It will take some big changes to make space more habitable than Earth. If we
can make a survivable enclosure in space, odds are that we can make a
survivable enclosure on Earth and save the fuel costs, keeping us closer to
some nifty raw materials. Massive impacts might make that unsafe,[0] but
mostly we're looking at being engulfed by the sun in 5 billion years as a hard
stop.

It's hard to really comprehend how much time that is. It's ten times longer
than primates have been around. It's almost 1.5 times as long as all life has
been around. Humanity as we know it will no longer exist at that point. If we
have living descendents, they could be as unrecognizable to us as apes are to
amoebas.

At that point we're just planning for "life in general" to survive, which we
could accomplish by just sending probes with some spores or dormant bacteria
on long voyages to distant habitable planets.

I wouldn't generally recommend procrastination, but this is probably a problem
we can kick down the road a few generations. If we hit snooze for just
1/5000th of the remaining time we have, that'd give us a solid million years
to up our technological game before tackling interstellar travel. At that
point, the problem will probably have become either trivial or hopeless.

So ultimately, I'm not yet convinced that human survivability experiments are
1000 times as urgent as telescopes, probes, and rovers. That's what I'd be
looking for to justify manned's absurd cost premium.

I was actually hoping this article would convince me otherwise, but if put up
next to the top things we've learned from unmanned space experiments, I don't
think it would compare very favorably. Definitely not 1000 times favorably.
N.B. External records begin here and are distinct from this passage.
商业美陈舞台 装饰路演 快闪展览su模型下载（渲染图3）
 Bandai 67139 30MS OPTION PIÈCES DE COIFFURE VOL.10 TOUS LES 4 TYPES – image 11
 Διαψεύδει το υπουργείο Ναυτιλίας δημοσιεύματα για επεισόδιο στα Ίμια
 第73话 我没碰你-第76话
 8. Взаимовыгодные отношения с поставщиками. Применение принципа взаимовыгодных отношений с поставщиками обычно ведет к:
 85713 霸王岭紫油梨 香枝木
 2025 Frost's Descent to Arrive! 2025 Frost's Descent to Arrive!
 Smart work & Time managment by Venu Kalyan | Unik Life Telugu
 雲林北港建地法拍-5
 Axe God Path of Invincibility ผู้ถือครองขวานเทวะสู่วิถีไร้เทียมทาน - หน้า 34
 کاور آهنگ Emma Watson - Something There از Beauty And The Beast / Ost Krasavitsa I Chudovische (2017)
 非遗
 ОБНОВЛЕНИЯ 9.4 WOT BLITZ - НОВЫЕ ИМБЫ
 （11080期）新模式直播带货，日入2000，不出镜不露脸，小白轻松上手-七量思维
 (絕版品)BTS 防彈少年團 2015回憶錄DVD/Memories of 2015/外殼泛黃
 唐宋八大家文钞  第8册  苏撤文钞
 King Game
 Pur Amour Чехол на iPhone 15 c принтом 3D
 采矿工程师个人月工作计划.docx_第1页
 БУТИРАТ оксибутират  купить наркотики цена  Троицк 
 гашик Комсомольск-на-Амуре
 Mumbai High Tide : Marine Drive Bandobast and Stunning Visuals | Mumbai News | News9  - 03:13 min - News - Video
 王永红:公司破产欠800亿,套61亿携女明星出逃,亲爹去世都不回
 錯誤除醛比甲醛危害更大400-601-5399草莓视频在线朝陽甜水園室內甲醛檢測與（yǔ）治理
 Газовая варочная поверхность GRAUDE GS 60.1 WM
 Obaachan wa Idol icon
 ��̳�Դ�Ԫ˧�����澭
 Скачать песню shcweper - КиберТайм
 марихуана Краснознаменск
I think we all yearn for the stars, and know this is the sort of thing we want
to conquer, we want it to be among the great triumphs of humanity. But if we
really want it, we should be smart about it. There's so much low hanging fruit
we can get from unmanned. It could aid technological progress and deep
understanding of the universe, leading to breakthroughs that ultimately
leapfrog us past some challenges we'd meet if we just tried to bang our head
against colonization today.

[0] Note that mammals have survived some crazy impacts before, probably by
living underground. If we can make a survivable enclosure underground or under
the ocean, that will be easier than making one and then launching it into
space. Also, near earth object detection and mitigation programs are probably
the best way to improve humanity's survivability given current technological
capacities (ie, we can't build megastructures in space yet), and those
programs compete for NASA money against humans in space too! Gradual climate
change is unlikely to make Earth less habitable than Venus or Mars or space.
Even if we lost most of our atmosphere and temperatures began to fluctuate by
+/\- 50 degrees, there'd still be advantages to building controlled structures
on Earth rather than building such structures and launching them into
inhospitable space. There are degrees of inhospitably, and Earth would have to
become nightmarish (eg, probably engulfed by the sun) before we left.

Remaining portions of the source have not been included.